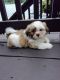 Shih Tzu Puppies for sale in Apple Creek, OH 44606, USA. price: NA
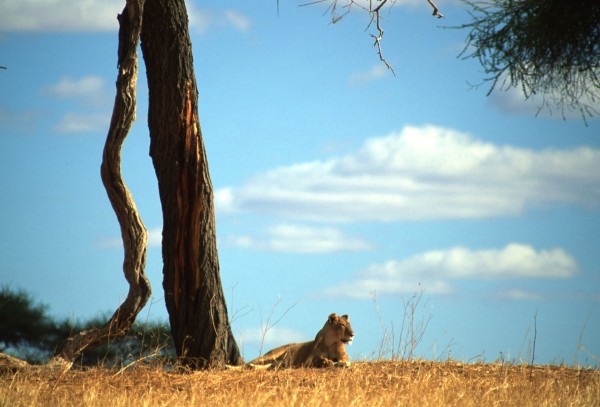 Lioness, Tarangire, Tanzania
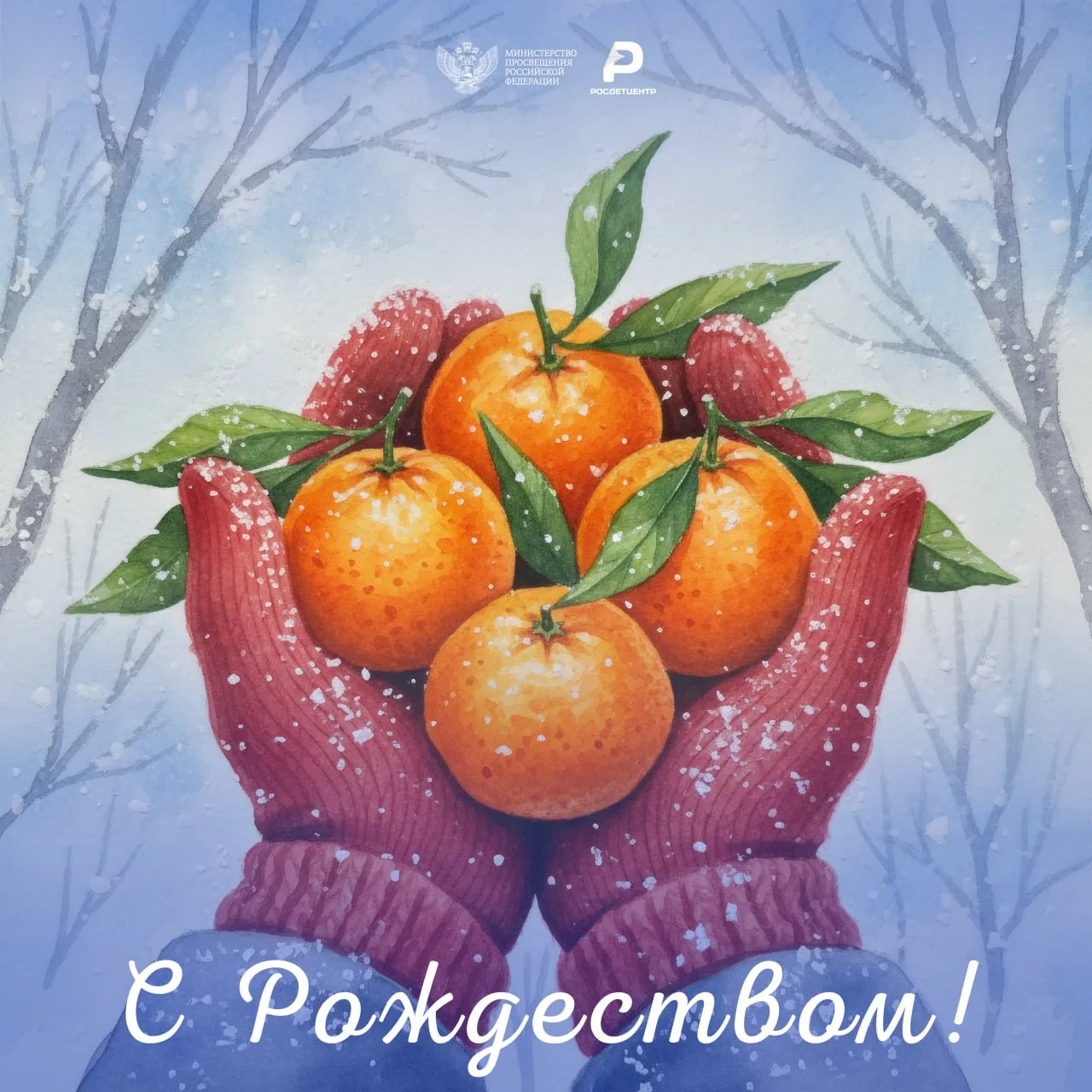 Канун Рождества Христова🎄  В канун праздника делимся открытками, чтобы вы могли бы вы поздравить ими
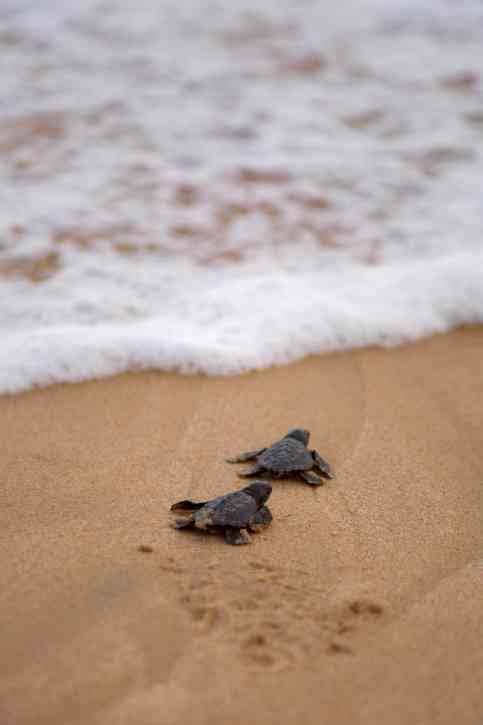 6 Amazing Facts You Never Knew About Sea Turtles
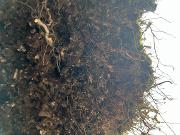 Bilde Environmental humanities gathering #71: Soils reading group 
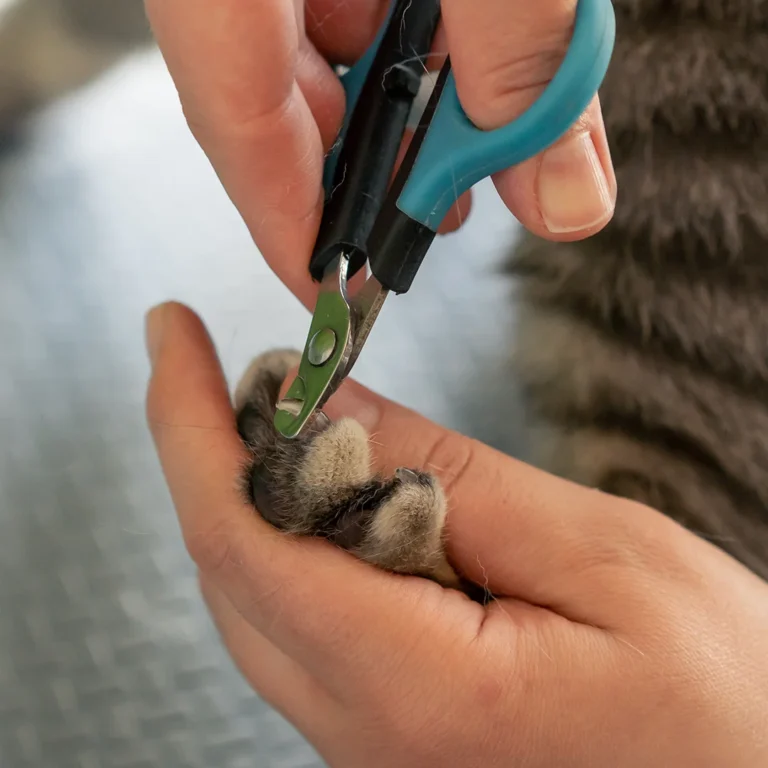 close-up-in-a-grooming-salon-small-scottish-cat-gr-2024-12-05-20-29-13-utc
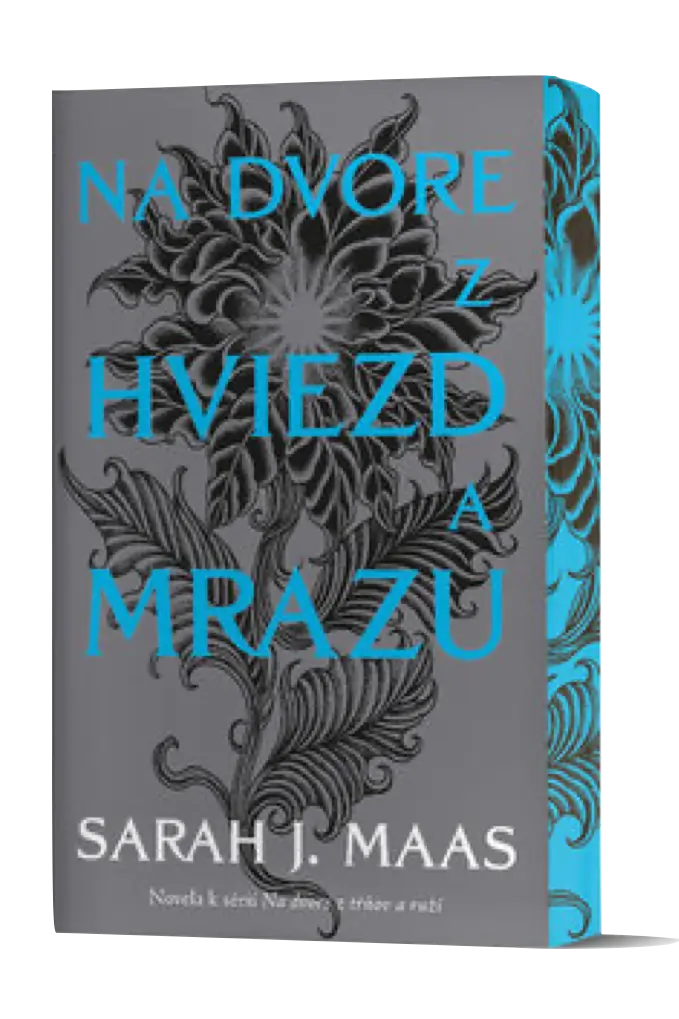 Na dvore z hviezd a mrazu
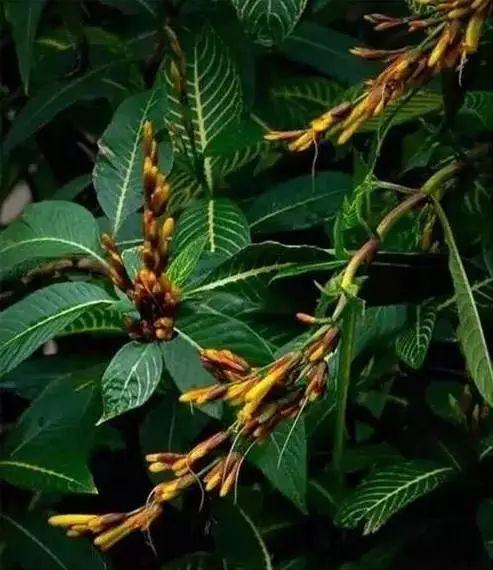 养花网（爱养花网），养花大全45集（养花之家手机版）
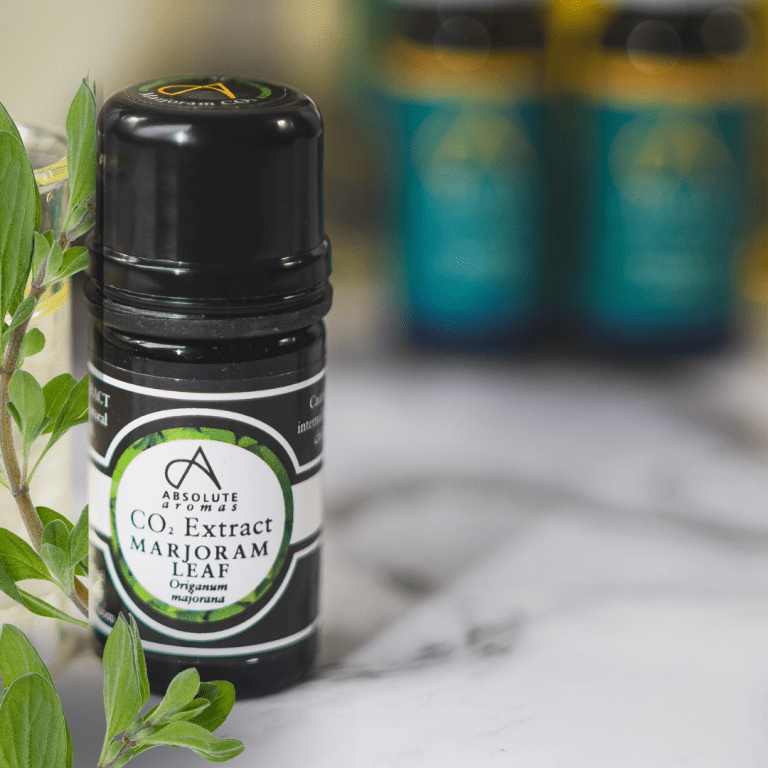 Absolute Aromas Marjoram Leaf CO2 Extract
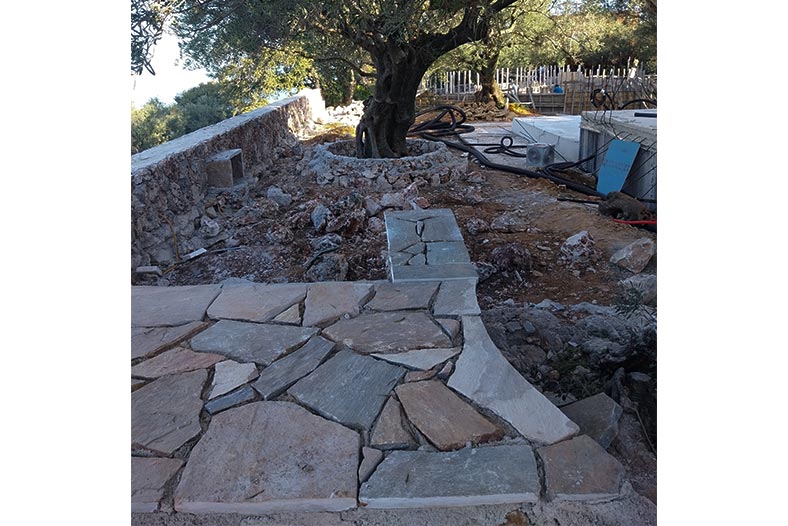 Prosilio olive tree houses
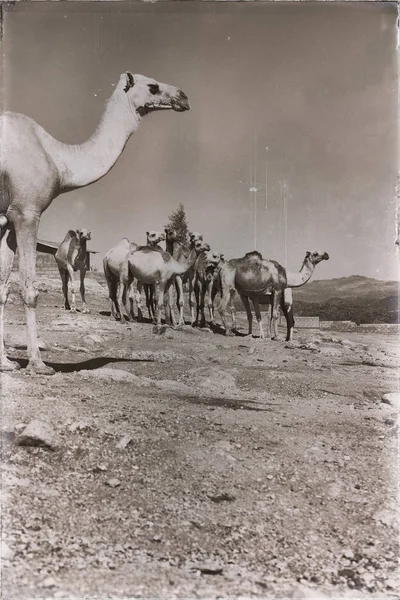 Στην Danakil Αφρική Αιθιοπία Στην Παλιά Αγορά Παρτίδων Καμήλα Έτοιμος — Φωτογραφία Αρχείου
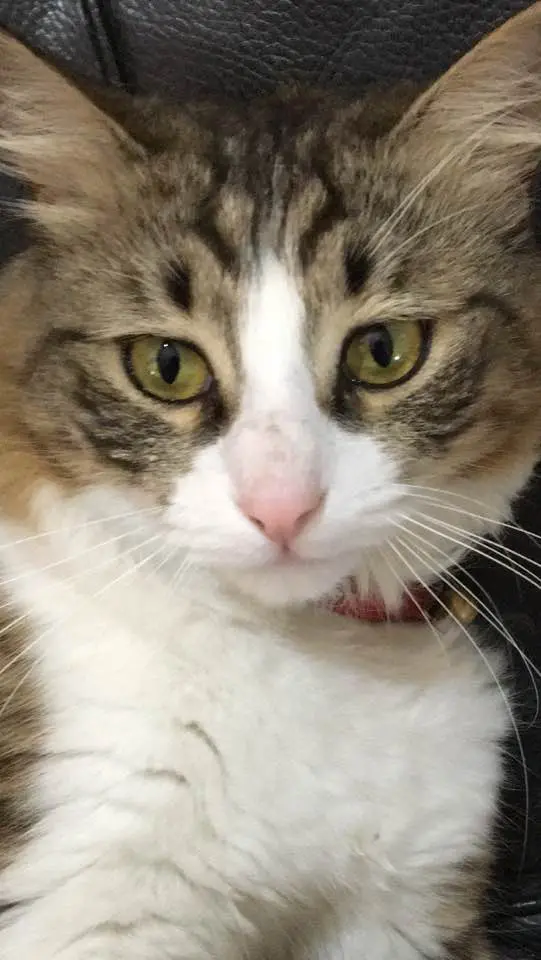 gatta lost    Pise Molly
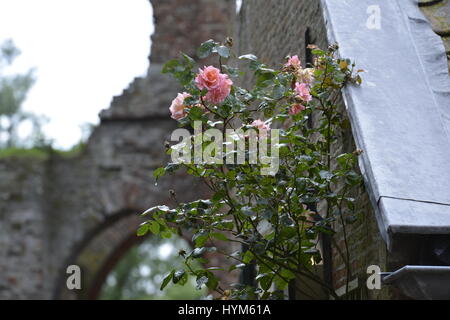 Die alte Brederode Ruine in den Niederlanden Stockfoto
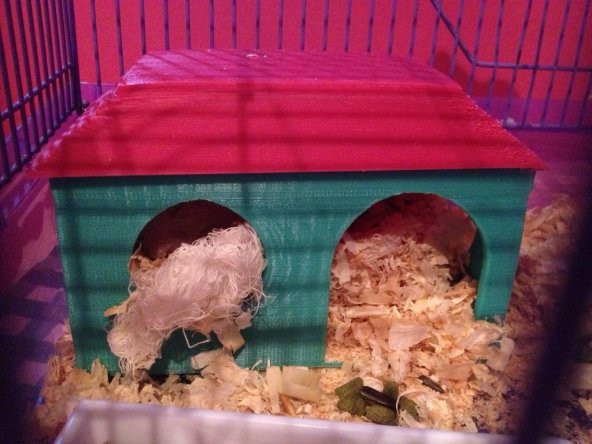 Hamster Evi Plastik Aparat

----

■ **Exercise objective**
Lines from the start of the listing above through the line holding "Bilde Environmental humanities" are to be duplicated exactly, and nothing more; leave out the pictures.

■ **Result for this task**
 Shih Tzu Puppies for sale in Apple Creek, OH 44606, USA. price: NA
 Lioness, Tarangire, Tanzania
 Канун Рождества Христова🎄  В канун праздника делимся открытками, чтобы вы могли бы вы поздравить ими
 6 Amazing Facts You Never Knew About Sea Turtles
 Bilde Environmental humanities gathering #71: Soils reading group 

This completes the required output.